FOR HERMANN GÖRING, THE LOSSES in Sunday’s air battle were shocking and humiliating. His commanders knew soon afterward the true extent of their losses, by the number of aircraft that failed to return. Even though far short of the 183 victories claimed by the RAF, the number of downed German planes was hard to fathom: 60 aircraft, 34 of which were bombers. The loss was even more grave than this, however, for the tally did not reflect the fact that another 20 bombers had been badly damaged, and that many members of the returning crews had been pulled from their planes dead, maimed, or otherwise wounded. The RAF, by final count, had lost only 26 fighters.
Up to this point, Göring had promoted the idea that his bomber crews were more courageous than their British counterparts because they attacked in broad daylight as well as at night, unlike the cowardly British, who conducted their raids against Germany only under cover of darkness. But now he halted all major daylight attacks (though later that week there would be one more large, and, for the Luftwaffe, extremely costly daytime raid against London).
“We lost our nerve,” said Field Marshal Erhard Milch, in a later interrogation. Milch, described by British intelligence in August 1940 as “a vulgar little man” who revered medieval gods and ceremonies, had been instrumental in helping Göring build the Luftwaffe. The losses were unnecessary, Milch said. He cited two main causes: “a) the bombers flew in a frightful formation, b) the fighter escort was never where it should have been. It wasn’t disciplined flying.” The fighters, he said, “didn’t stick to fighter escort work; they were more for freelance fighter activity, as they wanted to shoot aircraft down.”

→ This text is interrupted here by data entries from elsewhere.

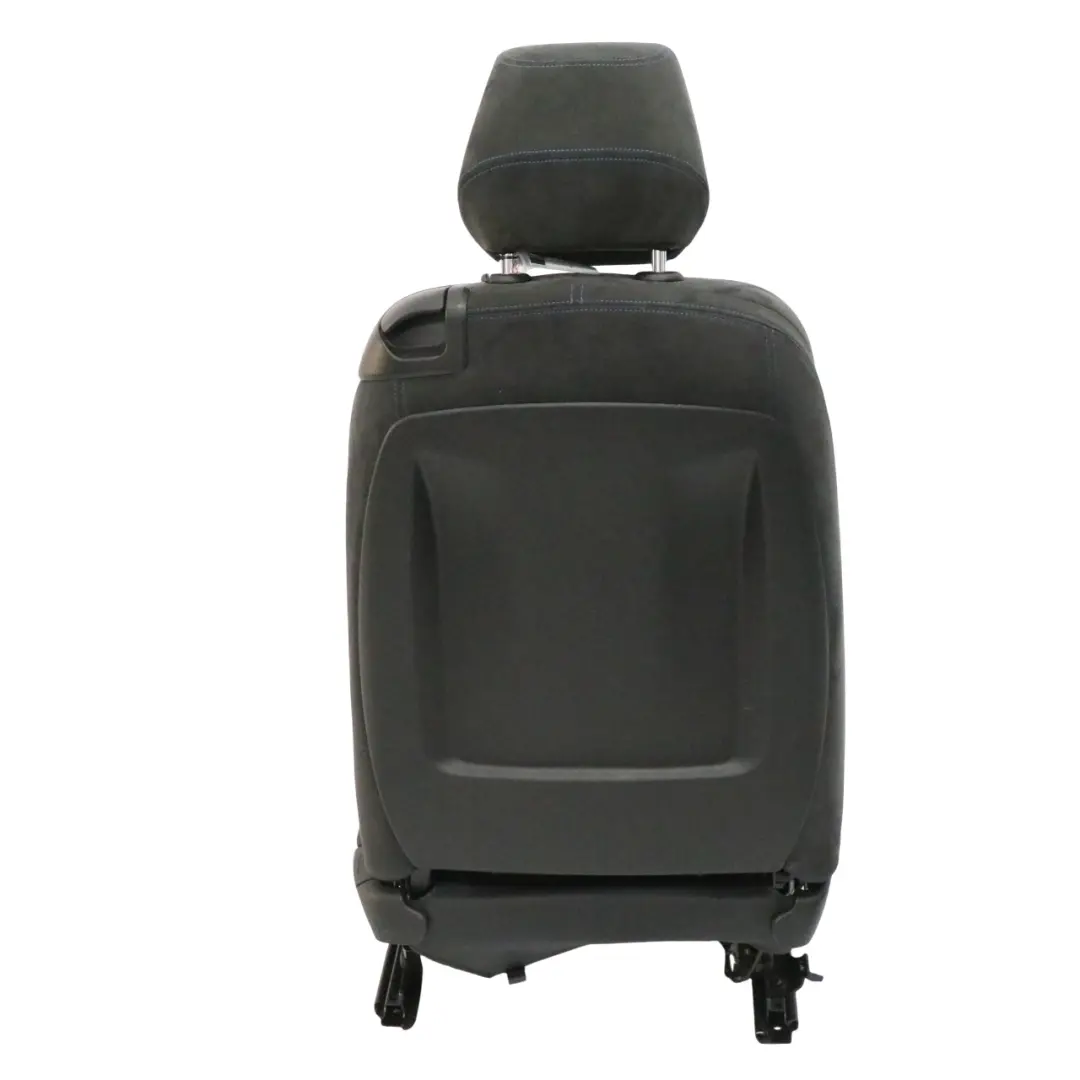 BMW F21 M Sport Front Seat Left N/S Heated Cloth Hexagon Alcantara Anthracite - SKU 8054985-3 - Part number 8054985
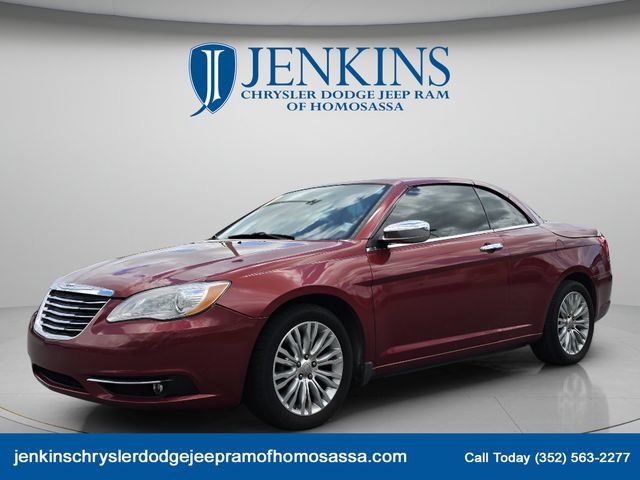 Used 2012 Chrysler 200 Limited FWD image 10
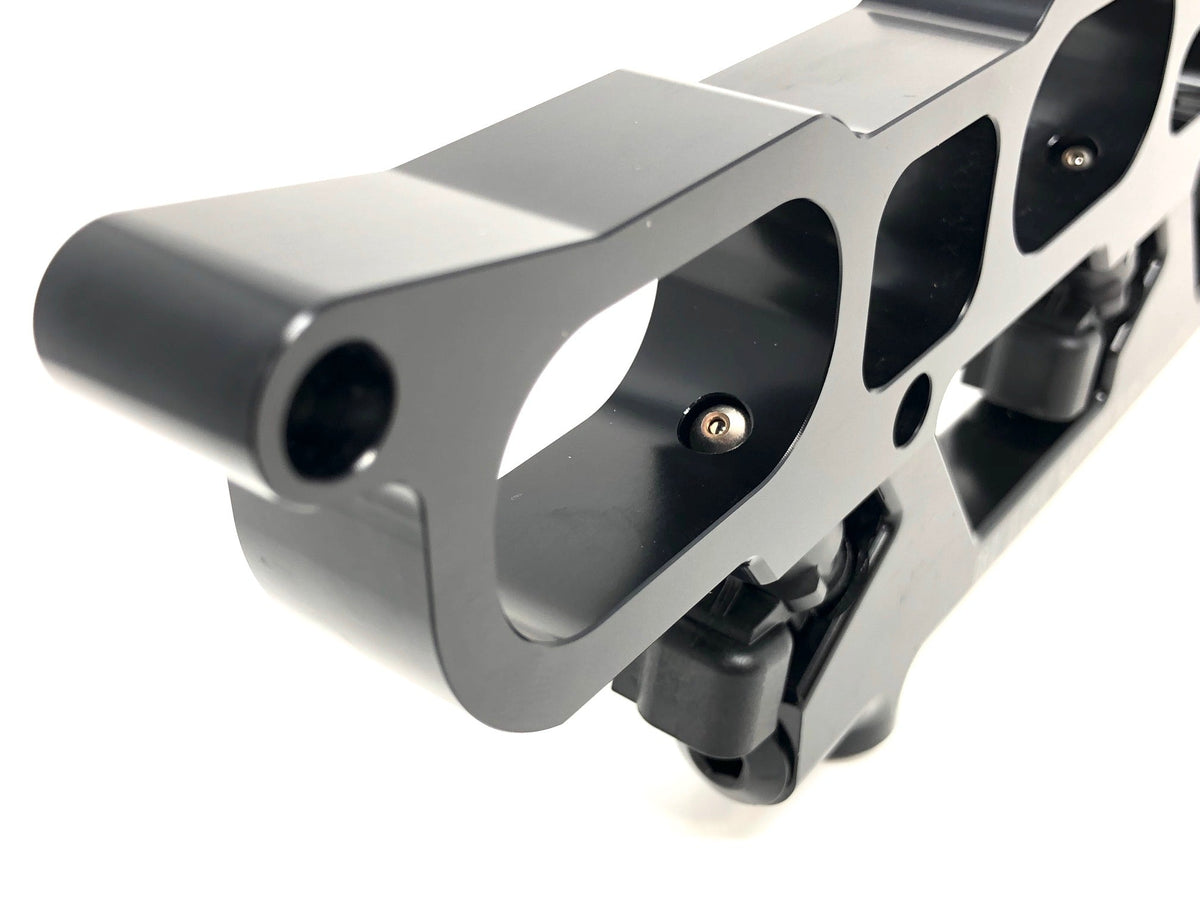 Precision Raceworks Black Market Parts (BMP) S55 Port Injection Kit F80 F82 M3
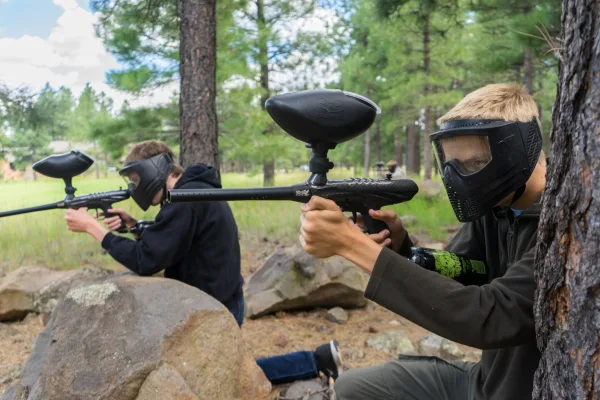 Tekirdağ Paintball Deneyimi - Görsel 2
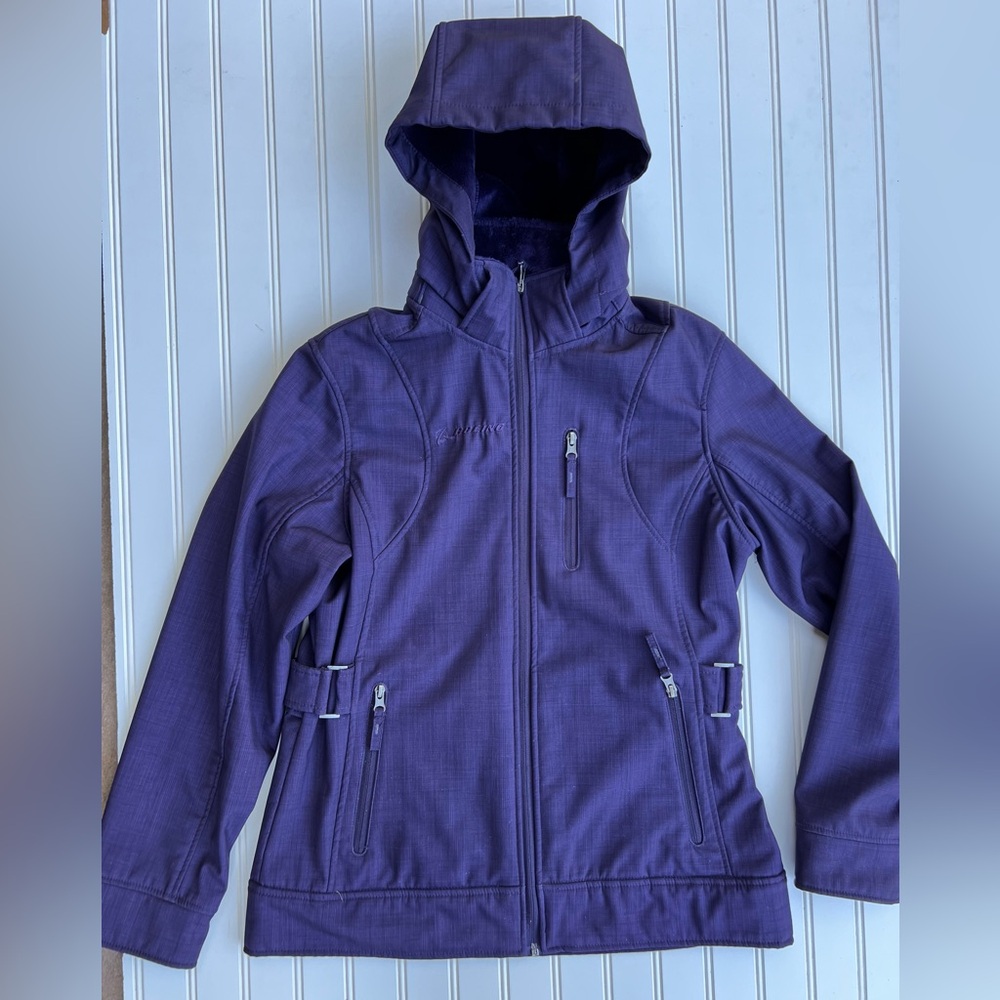 Boeing Soft Shell Jacket Size Medium - image 1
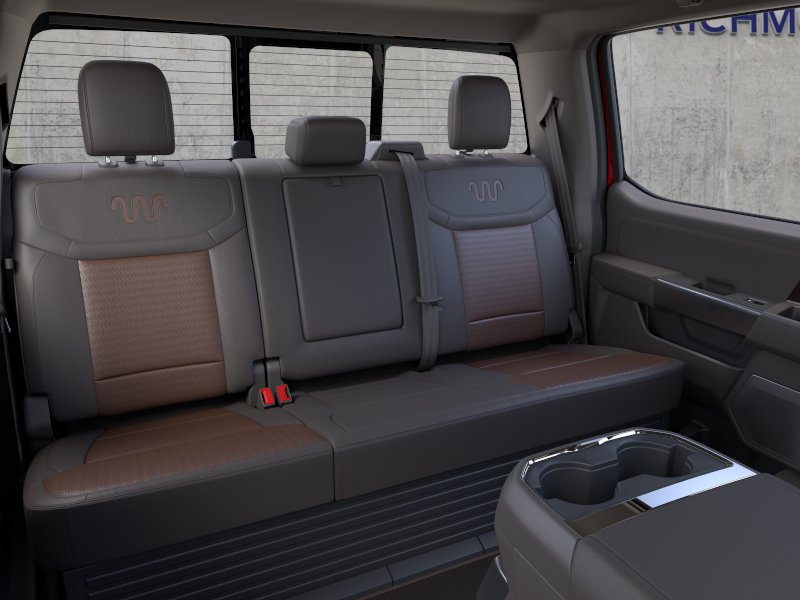 New 2026 Ruby Red Metallic Tinted Clearcoat Ford F-250® King Ranch® image 11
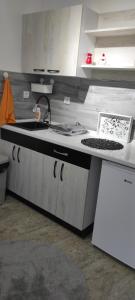 Cucina o angolo cottura di Apartmani Simić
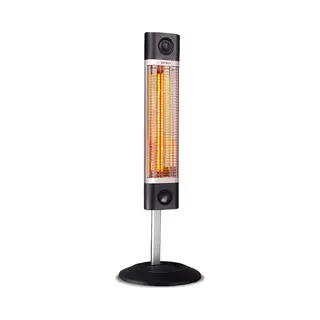 Veito CH1800RE Binnen Zwart 1800 W Infrarood elektrisch verwarmingstoestel
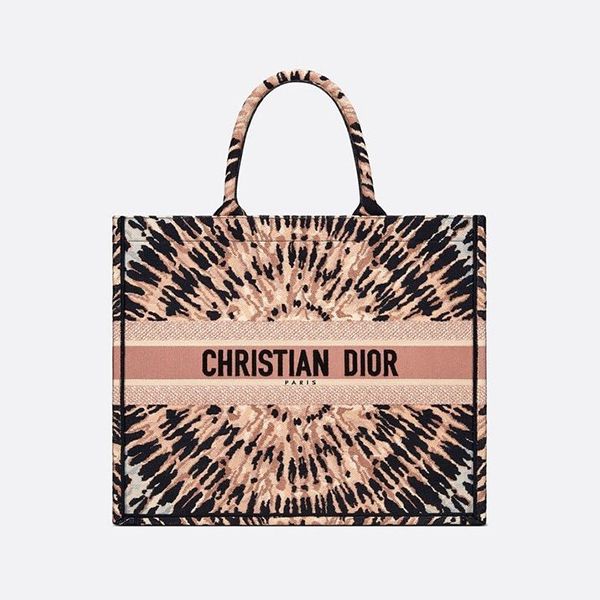 《人気》 ディオール 偽物ブックトート スモール バッグ トートバッグ M1286ZJAI_M884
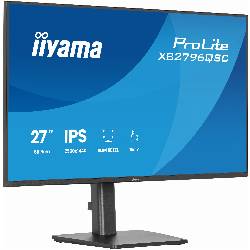 IIYAMA XB2796QSC-B1 27 QHD/75HZ/USB-C PD 65W 
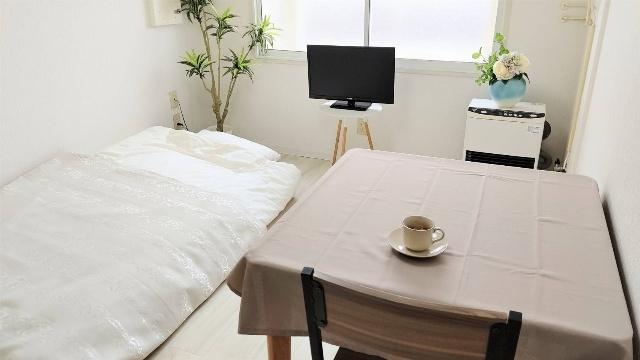 ハイデンスMM北２０条（405） 室内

That the Luftwaffe had failed was clear to all, especially to Göring’s patron and master, Adolf Hitler.
PROPAGANDA CHIEF GOEBBELS, MEANWHILE, wrestled with yet another propaganda challenge: how to cool the outcry caused by the Luftwaffe’s bombing of Buckingham Palace the preceding Friday, which was proving to be a public relations debacle.
In war, inhumane things happened every day, but to the world at large, the attack seemed mean-spirited and gratuitous. What would help blunt the outrage, Goebbels knew, would be a revelation that the palace had itself become a storage depot for munitions or that a significant warehouse or power station or other target was located near enough to make it seem plausible that the palace had been hit by stray bombs—even though the nature of the attack, with a bomber diving through rain and clouds and flying along Whitehall toward one of the largest, most recognizable landmarks in London, made this defense seem singularly feeble.
At his Sunday propaganda meeting, Goebbels turned to Major Rudolf Wodarg, the Luftwaffe’s liaison to his ministry, and directed him “to ascertain whether there are any military targets in the vicinity of Buckingham Palace.”
If not, Goebbels said, German propaganda must make them up, specifically by asserting “that secret military stores are concealed in its immediate neighborhood.”